This is what happens to me every year. I know what the job market is like. I know that there are lots of jobs and lots of applicants, and that the odds of me getting a job are not high, and that for any particular job, the odds of me getting that job are low. I know this.
But then the job ads start coming out. And I see a couple of jobs that seem really attractive. Maybe I know somebody in the department; maybe I've been to the city or town and thought it would be pretty cool to live there; maybe it's close to family or friends; maybe there's a reason why it would be particularly good for my family; maybe there's something about the job that I connect with somehow, where I'd be especially well-suited for it, or it would be especially well-suited for me.
And then I can't help but start to think about what it would be like to get that job. I start to get hope. I would rather not get these hopes, but it's hard not to. At least, I seem to have no ability to prevent it. I can't help it. And I have found myself doing this again over the past few weeks.
And a few times, I've actually gotten interviews at these places. It is very hard to avoid this hopefulness when you are prepping for an interview with your favorite job from this year's JFP, or with your favorite job ever.
And frankly, I'm not sure how you'd be able to summon the motivation to apply for these jobs, or to prep for the interview, if you weren't at least somewhat hopeful that you'd get the job. I once had an interview with a school that was located in a city I'd lived in as a child, and where I had a really tough time.
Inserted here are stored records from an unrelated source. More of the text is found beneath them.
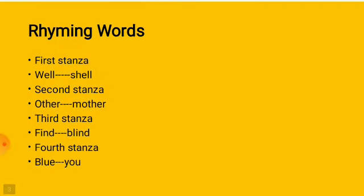These are rhyming words. Whenever we write in notebook, I will suggest that you will always keep your book open. To find out the rhyming word, look at the last word of each line.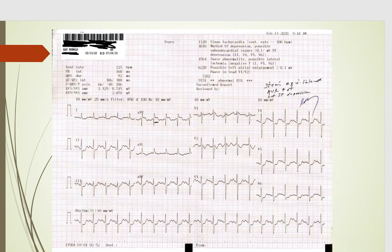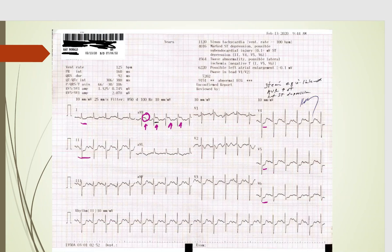Here is the EKG — I marked it up a little in the ER. You can see in AVR the ST elevation; they say it should be more than a millimeter, but this is quite a bit more. You can see the elevation here, along with reciprocal depression most pronounced in the lateral leads V4, V5, V6, as well as lead one and lead two. The computer read was way off, which they usually are — that's why I don't pay much attention to what the computer says.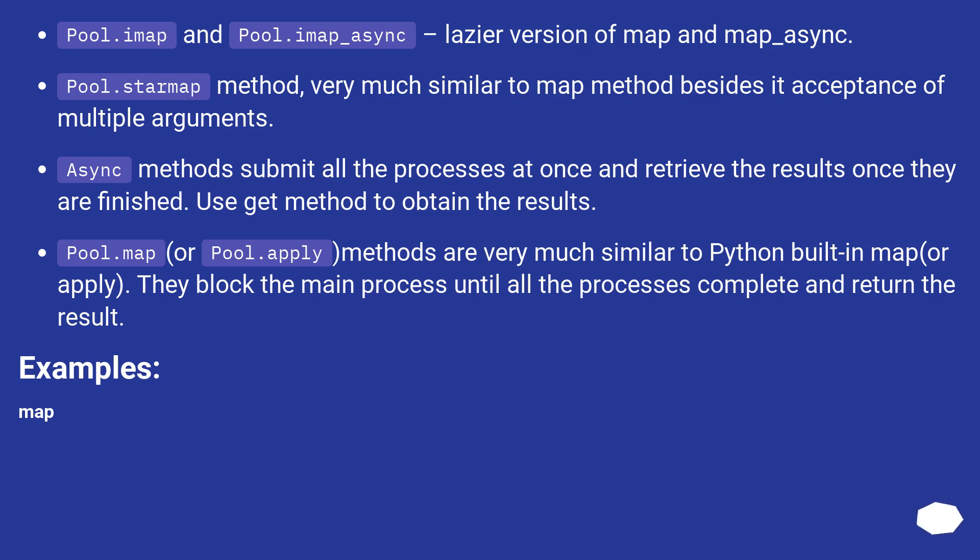Async methods submit all the processes at once and retrieve the results once they are finished. Use get method to obtain the results. Pool.map or pool.apply methods are very much similar to Python built-in map or apply. They block the main process until all the processes are complete and return the result.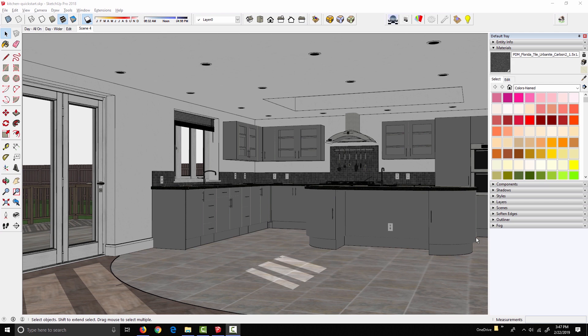All right folks, welcome back. So at this point in the videos, I'm just going to start walking through the steps that it takes to set up this SketchUp model for rendering in SU Podium.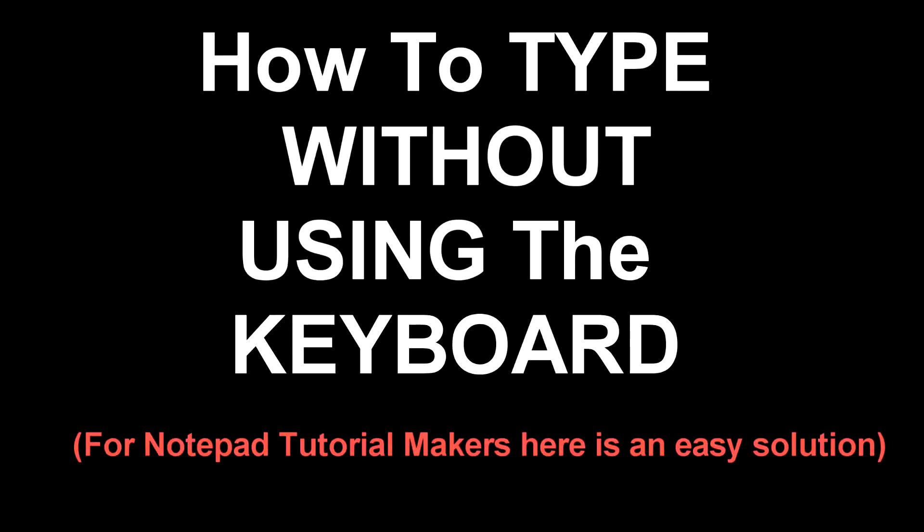What's up YouTube, HackMods here with a presentation on how to type without using the keyboard. For notepad tutorial makers, here is an easy solution. This can be used in many situations.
When I thought about the possibility of moving back--and bringing my family with me--I didn't feel particularly hopeful. I wasn't excited about it. I wasn't "into" it. And I think that came through in the interview. I didn't say anything about it, of course; I didn't attempt to express these feelings and did what I could to conceal them. But I couldn't get myself excited about the job, and I think it showed. I don't think I fucked it up, or anything, but I also didn't blow them away, and I didn't get the flyout. So I suppose I see the utility of feeling hopeful. It seems to play a somewhat important role in providing motivation.
But I really don't like having to let go of these hopes as the season progresses. I don't like it at all. And so I wish there were a way to avoid it, and then to do without it.